» Image-caption web data
※ ※ ※

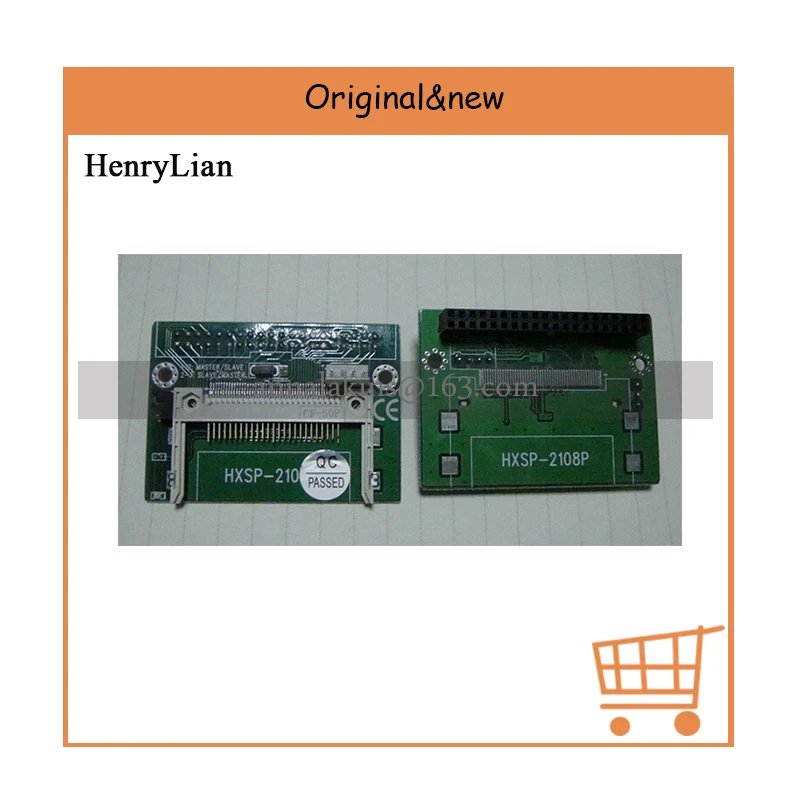 Henrlian CF к IDE Compact Flash Card адаптер Загрузочный 40pin cf 3.5 &quotH конвертер дюймов разъем |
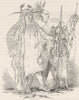 USA. Portraits of Petohpeekis, a Blackfoot & Tallee, an Osage 1890 old print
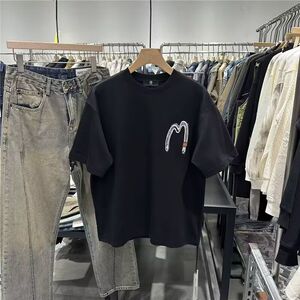 1506-1/TT671/P35夏季男潮M字母刺绣圆领短袖T恤宽松半袖体恤图片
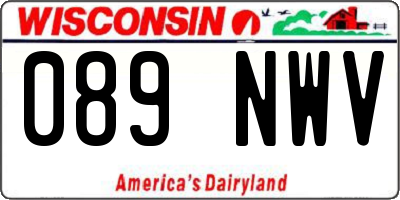 WI license plate 089NWV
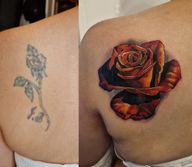 Realistic Rose Cover-Up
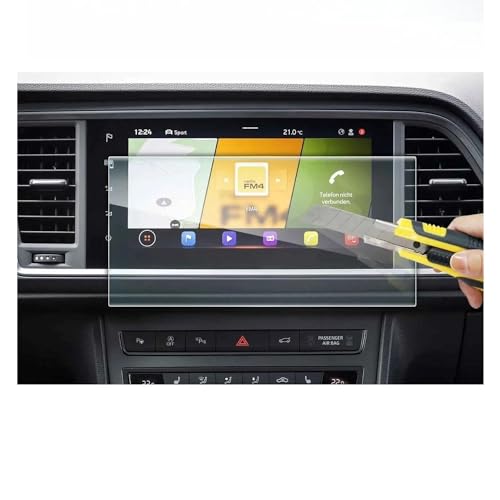 Protection écran tactile auto TPU 8 pouces Ateca pour éviter les rayures de navigation de 2 pièces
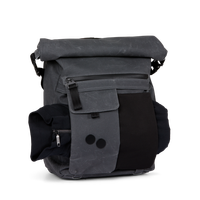 Sac à dos waxé gris recyclé - carrik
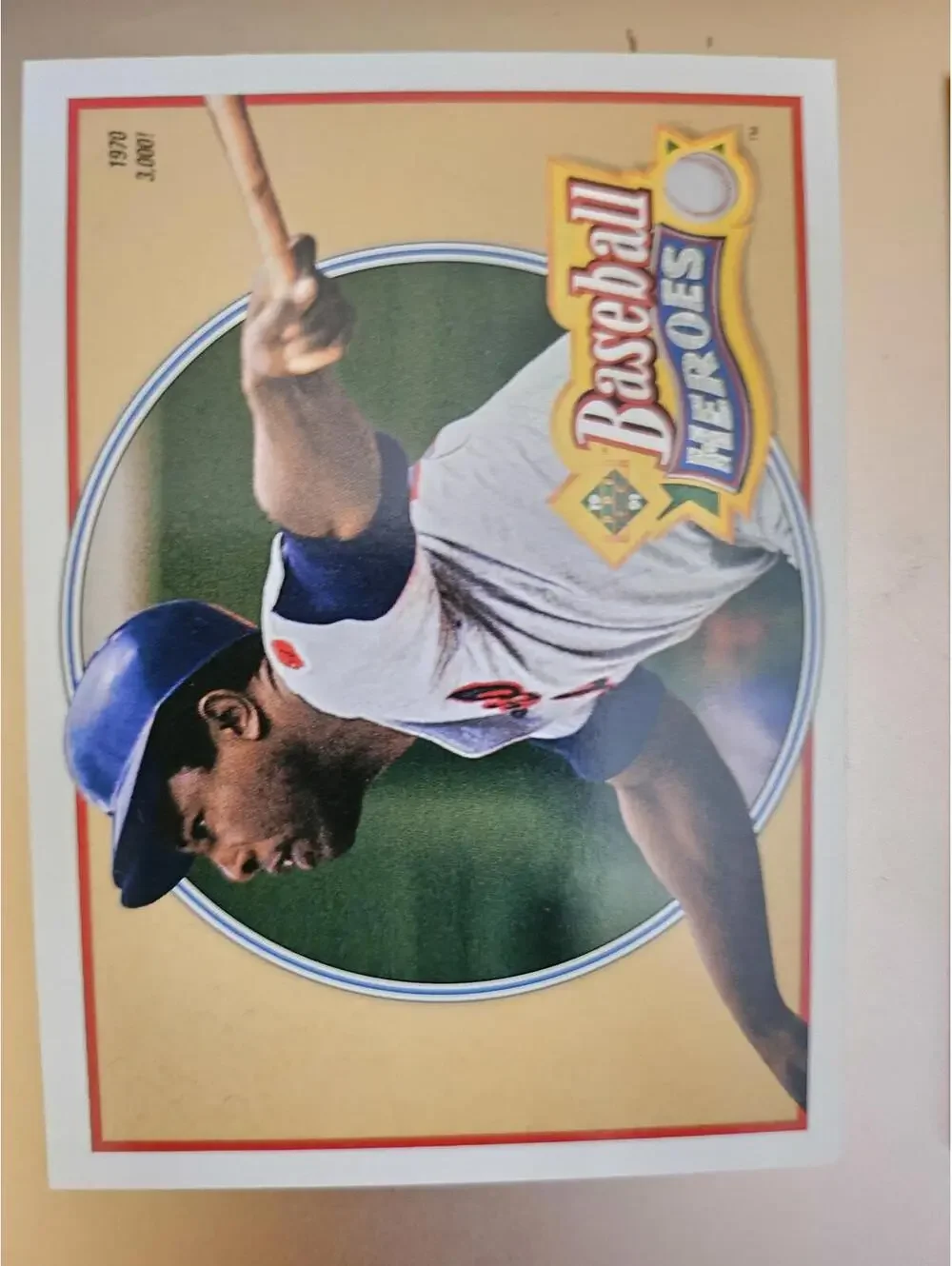 1991 Upper Deck Baseball Heroes Hank Aaron Braves HOF #22 1970 3000!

※ ※ ※

» YOUR GOAL
Should the entries hold any pictures, please omit those and print the remaining text exactly.

» TASK OUTPUT
 Henrlian CF к IDE Compact Flash Card адаптер Загрузочный 40pin cf 3.5 &quotH конвертер дюймов разъем |
 USA. Portraits of Petohpeekis, a Blackfoot & Tallee, an Osage 1890 old print
 1506-1/TT671/P35夏季男潮M字母刺绣圆领短袖T恤宽松半袖体恤图片
 WI license plate 089NWV
 Realistic Rose Cover-Up
 Protection écran tactile auto TPU 8 pouces Ateca pour éviter les rayures de navigation de 2 pièces
 Sac à dos waxé gris recyclé - carrik
 1991 Upper Deck Baseball Heroes Hank Aaron Braves HOF #22 1970 3000!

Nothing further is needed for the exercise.